Le Chœur était garni de tentures rouges, de guirlandes, de plantes vertes ; sur l’autel les grands chandeliers donnés en 1892. Sur chaque chapiteau, on voyait un élégant écusson supportant trois oriflammes avec des devises brodées, se rapportant à la vie des Saints qui ornaient les vitraux les plus rapprochés.
À 9 heures, un long cortège d’enfants de chœur, revêtus de soutanes rouges et de délicats surplis, précédant le clergé, allait recevoir solennellement à la porte l’archevêque Mgr Redwood et les trois évêques. Spectacle peu ordinaire que celui de quatre prélats s’avançant dans la grande allée, bénissant les fidèles agenouillés.
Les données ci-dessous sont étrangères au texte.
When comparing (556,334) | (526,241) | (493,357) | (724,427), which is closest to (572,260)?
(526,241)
Sa Grâce Mgr l’Archevêque de Wellington célébra la messe. Jamais le chœur si vaste de notre église n’avait été occupé par un clergé aussi nombreux. Les évêques non célébrants occupaient, en face du trône du Pontife officiant, une estrade ornée de tentures, ayant à gauche leur chapelain et devant eux les clercs porte insignes.
La fête du Cinquantenaire
Rappelons brièvement les principaux épisodes des Fêtes du Cinquantenaire de la Mission.
Nos Seigneurs, les évêques étaient arrivés par le Polynésien le 10 juin.
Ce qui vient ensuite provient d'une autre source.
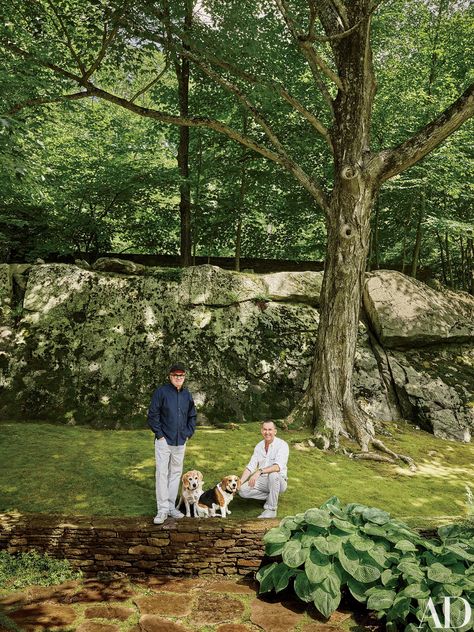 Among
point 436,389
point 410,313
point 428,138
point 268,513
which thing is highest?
point 428,138

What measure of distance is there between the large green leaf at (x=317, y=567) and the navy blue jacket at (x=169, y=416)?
6.24ft

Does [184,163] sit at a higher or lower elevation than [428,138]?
higher

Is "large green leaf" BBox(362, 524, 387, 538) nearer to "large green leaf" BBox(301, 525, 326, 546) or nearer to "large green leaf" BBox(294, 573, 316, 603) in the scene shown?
"large green leaf" BBox(301, 525, 326, 546)

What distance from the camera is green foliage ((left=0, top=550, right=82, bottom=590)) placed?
4.48m

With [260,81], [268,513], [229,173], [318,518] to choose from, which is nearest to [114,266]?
[229,173]

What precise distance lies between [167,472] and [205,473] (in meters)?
1.56

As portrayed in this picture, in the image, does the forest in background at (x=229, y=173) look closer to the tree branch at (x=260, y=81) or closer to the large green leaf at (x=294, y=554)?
the tree branch at (x=260, y=81)

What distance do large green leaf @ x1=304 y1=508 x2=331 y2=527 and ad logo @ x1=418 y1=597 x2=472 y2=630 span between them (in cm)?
103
Dès le 12 juin, commençaient les fêtes au village de la Conception. Le 13, Mgr Redwood bénissait la statue monumentale de la Sainte Vierge, placée sur le dôme du clocher. Cette statue en fonte et en plusieurs parties, mesure 2,80 m de hauteur. Elle est la reproduction fidèle de la Sainte Vierge érigée au-dessus du clocher de Notre Dame de la Fourvière, à Lyon. Le R.P. Lambert fut l’orateur de la journée. Il ne fut pas difficile au vieux missionnaire de rappeler quelques-uns des principaux témoignages de protection de la Sainte Vierge pendant les durs débuts de la Mission en Calédonie.
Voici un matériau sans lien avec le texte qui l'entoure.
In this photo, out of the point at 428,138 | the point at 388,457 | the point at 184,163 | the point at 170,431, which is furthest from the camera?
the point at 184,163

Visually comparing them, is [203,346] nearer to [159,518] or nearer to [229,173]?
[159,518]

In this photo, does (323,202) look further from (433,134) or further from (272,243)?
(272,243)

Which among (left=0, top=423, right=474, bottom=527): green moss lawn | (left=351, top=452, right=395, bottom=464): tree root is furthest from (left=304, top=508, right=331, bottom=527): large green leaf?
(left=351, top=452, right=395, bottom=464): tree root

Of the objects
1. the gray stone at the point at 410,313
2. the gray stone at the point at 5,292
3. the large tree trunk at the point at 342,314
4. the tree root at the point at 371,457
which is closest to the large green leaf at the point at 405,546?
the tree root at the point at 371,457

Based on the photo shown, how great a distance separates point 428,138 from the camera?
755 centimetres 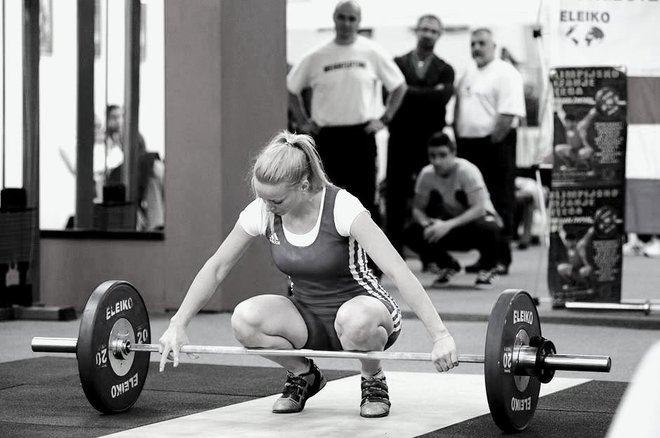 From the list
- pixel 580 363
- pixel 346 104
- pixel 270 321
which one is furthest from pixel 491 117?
pixel 580 363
Le 14 juin était le jour réservé à St Louis. Après la messe solennelle eut lieu la visite du village indigène où trois grandes cases venaient d’être nouvellement construites selon tous les principes de l’ancienne architecture indigène.
Le soir, grande cérémonie à la chapelle et sermon du R.P. Pionnier, puis retour joyeux à Nouméa.
Le 17 juin, au milieu des fêtes de l’inauguration de la cathédrale, l’Amiral Nébogatoff, magnifiquement reçu à Nouméa quand il l’avait visitée en mai à bord du croiseur russe Kreisser, envoyait du Kamtchaka, un télégramme de félicitations à Mgr Fraysse.
Le 28 juin, sur le petit aviso le Loyalty, les évêques faisaient une excursion à l’île des Pins, malheureusement interrompue par l’annonce de l’assassinat du Président Carnot
Le dimanche 1er juillet, un grand service était célébré pour le Chef de l’état dans la Cathédrale consacrée et ainsi commençait le vrai rôle de l’église qui est l’unique centre de toutes les joies et de toutes les douleurs.
Entre temps, les évêques visitaient l’Ile Nou, Païta et les environs de Nouméa, et le 5 juillet, par le Birksgate, ils partaient pour Fidji.